> [Data to examine]
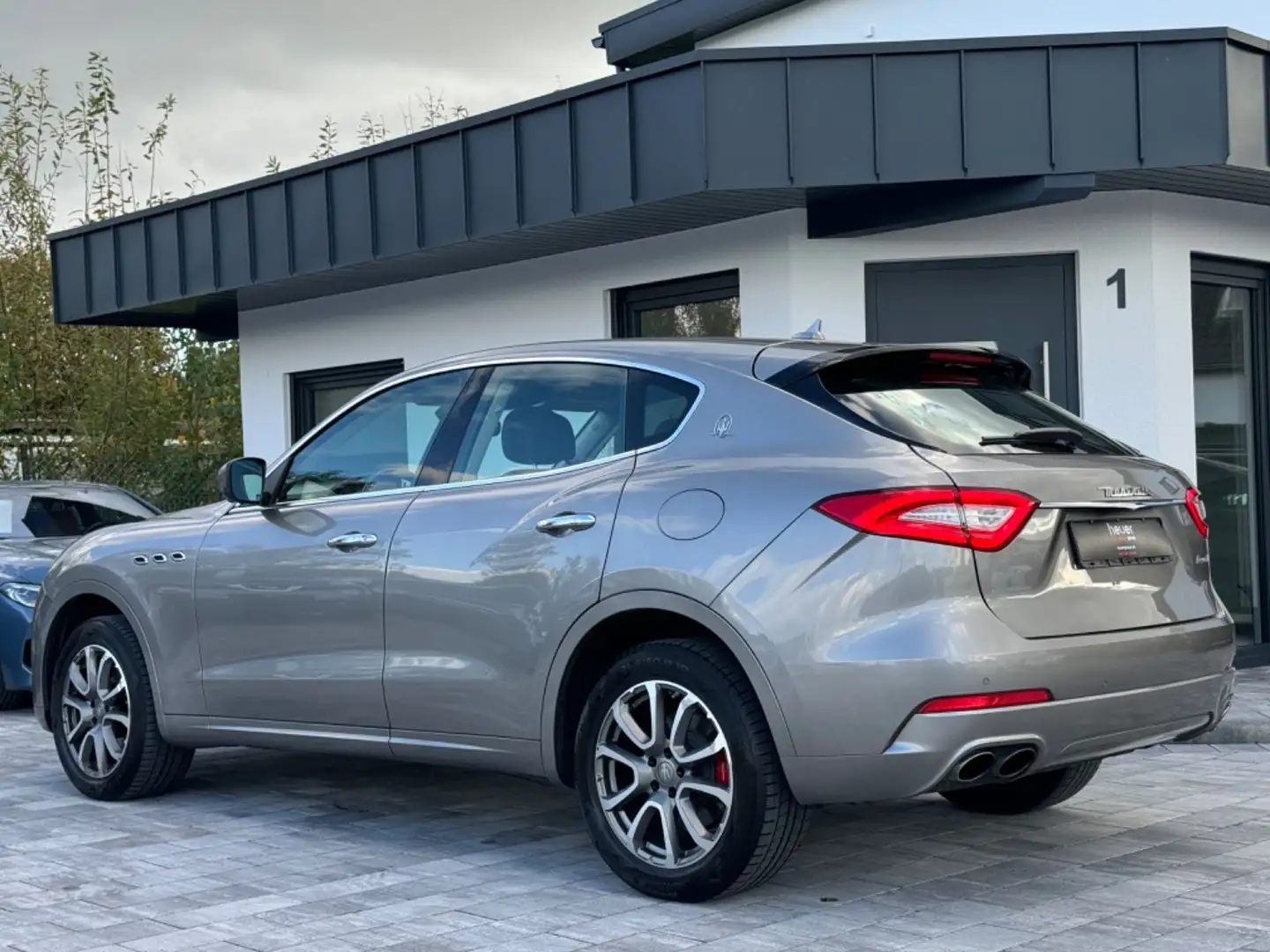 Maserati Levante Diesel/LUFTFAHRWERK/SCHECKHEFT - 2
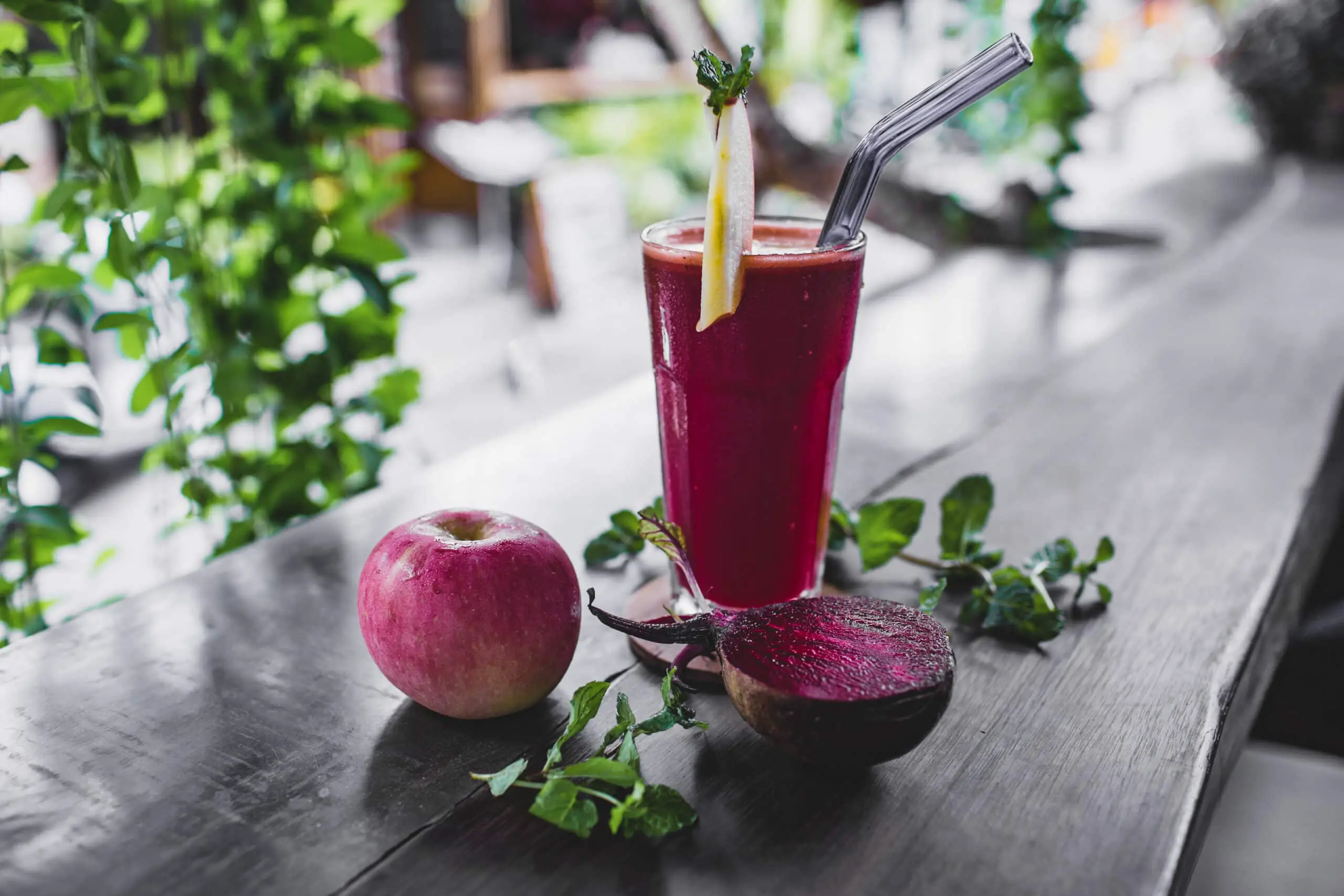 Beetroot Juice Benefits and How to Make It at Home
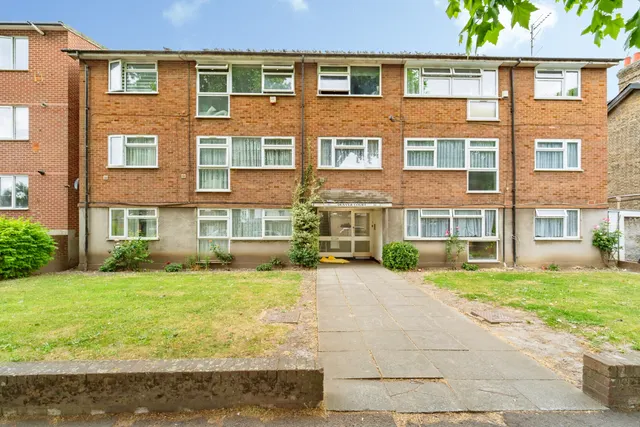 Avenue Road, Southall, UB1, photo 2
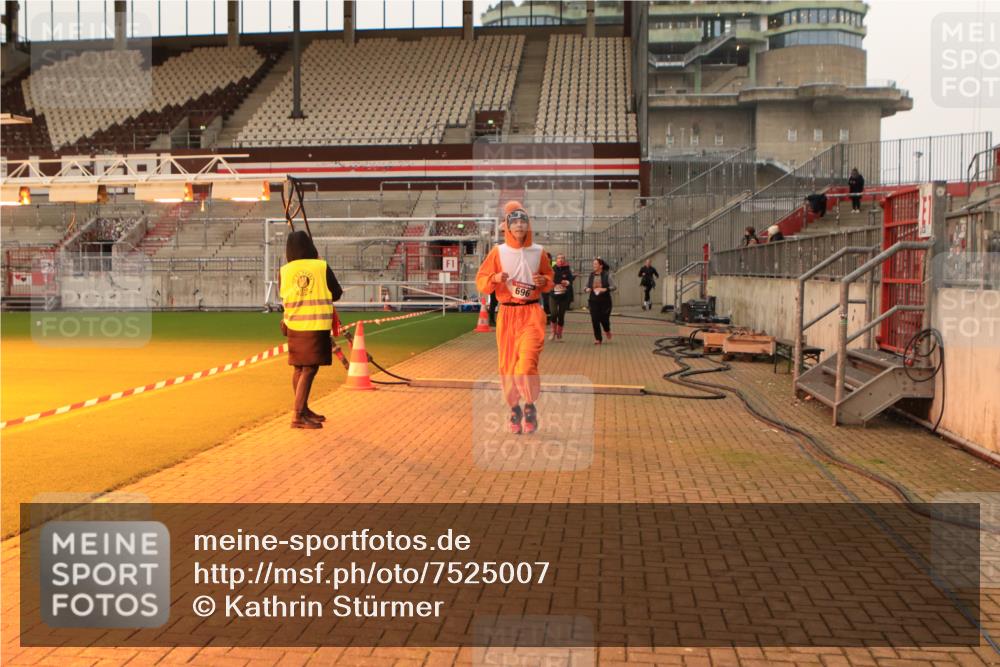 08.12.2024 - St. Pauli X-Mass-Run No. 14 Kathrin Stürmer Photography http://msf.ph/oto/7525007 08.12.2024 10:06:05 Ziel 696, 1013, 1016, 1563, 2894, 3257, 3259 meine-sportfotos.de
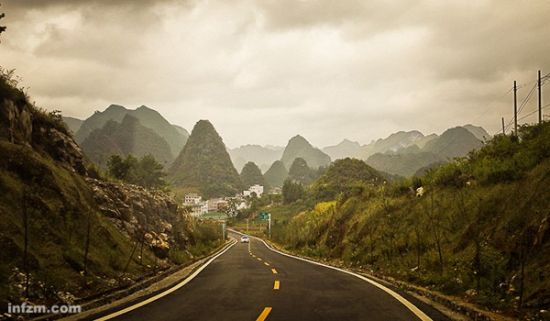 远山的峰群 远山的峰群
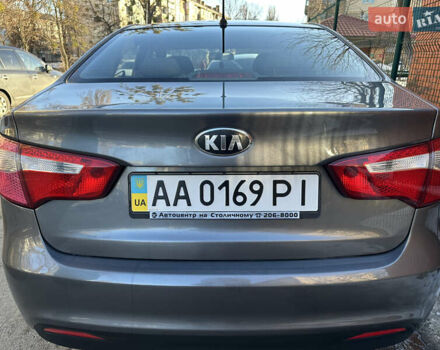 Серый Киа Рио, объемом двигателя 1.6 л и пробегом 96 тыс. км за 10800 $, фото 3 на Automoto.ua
==
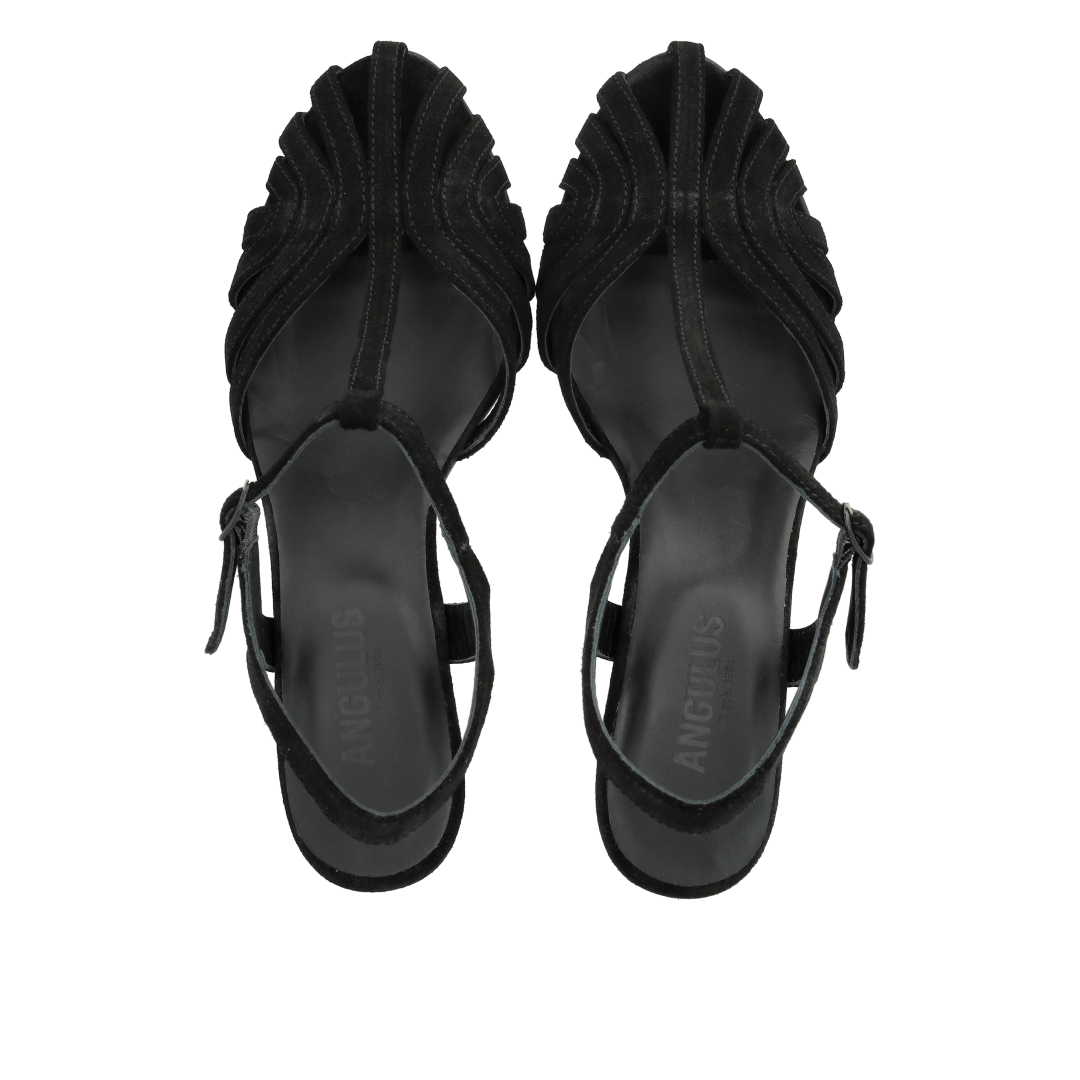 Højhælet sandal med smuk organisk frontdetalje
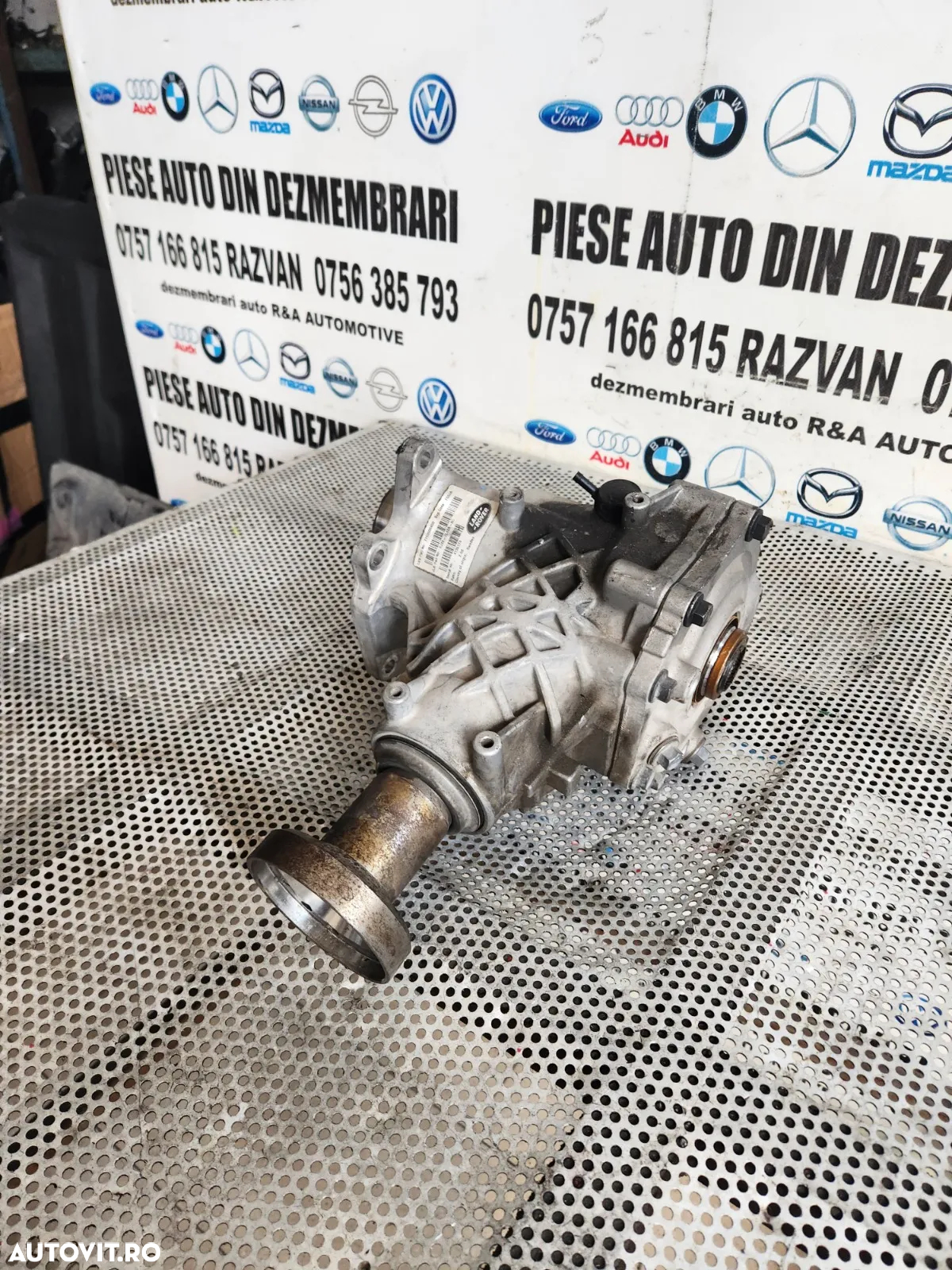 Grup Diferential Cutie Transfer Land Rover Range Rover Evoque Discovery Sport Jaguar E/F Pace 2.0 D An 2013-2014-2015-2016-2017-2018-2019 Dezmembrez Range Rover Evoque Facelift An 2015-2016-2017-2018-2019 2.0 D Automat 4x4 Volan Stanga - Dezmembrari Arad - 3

> [Work instructions] Your answer must be the lines above from the one holding "远山的峰群 远山的峰群" up to and including the one holding "Серый Киа Рио, объемом", exact and with no pictures.

> [Finished exercise]
 远山的峰群 远山的峰群
 Серый Киа Рио, объемом двигателя 1.6 л и пробегом 96 тыс. км за 10800 $, фото 3 на Automoto.ua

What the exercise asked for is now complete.